For contractors, service technicians go on calls with stacks of postcards that solicit reviews and give instructions on how exactly to do so. Any happy customer gets handed a card. The technician doesn’t have to make any pitch. Service technicians aren’t salesmen.

You send follow up emails to every customer, with links to go to Google My Business or other pages where they can do reviews.

There are lots of ways to do this. Any method that asks large numbers of customers for their review and makes it easy as possible for them to do so, will work.

WHEN YOU GET A BAD REVIEW

Face it. You will get bad reviews. The customer just didn’t understand what they were buying. Or they were having a bad day.  Some bad reviews are just mistakes – they weren’t a customer of yours at all.  And yes, sometimes competitors will as a tactic do fake bad reviews. Unethical? Of course.  Contrary to Google’s terms of service? You bet! But knowing they’re wrong doesn’t make them go away.

So what do you do about it? Don’t ignore it. Don’t freak out. Do reply to the review – nicely, asking for a chance to make good on the problem. If you have no record of them as a customer, say so.

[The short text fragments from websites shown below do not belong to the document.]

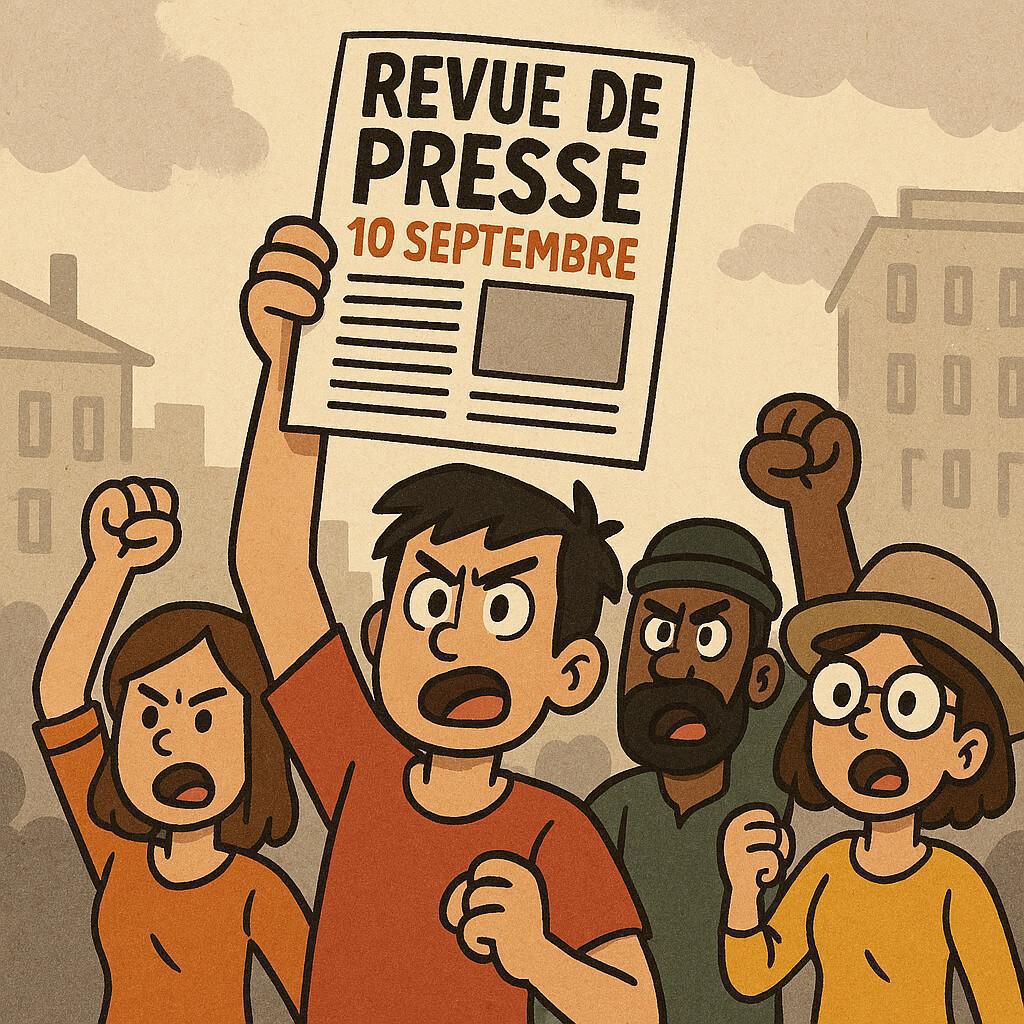 Revue de presse du 10 septembre 2025 Revue de presse du 10 septembre 2025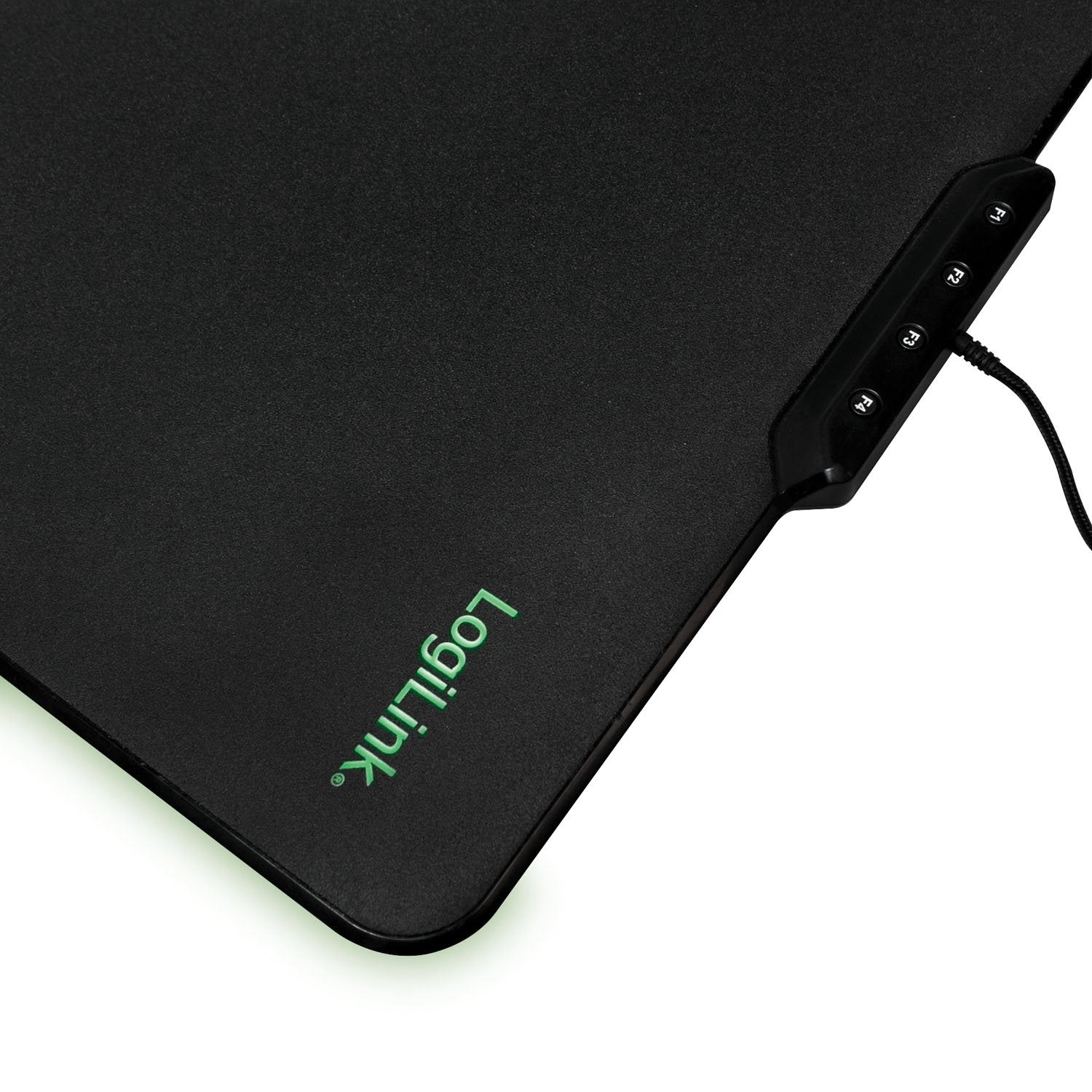 RGB Gaming Mouse Pad, 360x270mm, Non-Slip Base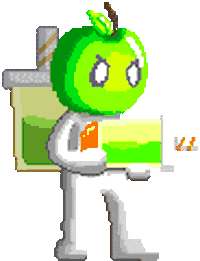 Apple Sticker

If it seems clearly malicious, Google has a way to deal with it, but you should know the chances of getting a review removed unless the author removes it, are low.

The basic way of dealing with bad reviews is to bury them in good reviews.  One bad review in 50 will bother no one but an idiot.

THE LONG HAUL

Reviews is something you work on, keep working on, and work on some more.

It takes a while to build an impressive quantity of reviews.

So make this a regular part of your business – not something you work on and drop, or work on by fits and starts.

That the winning formula for reviews.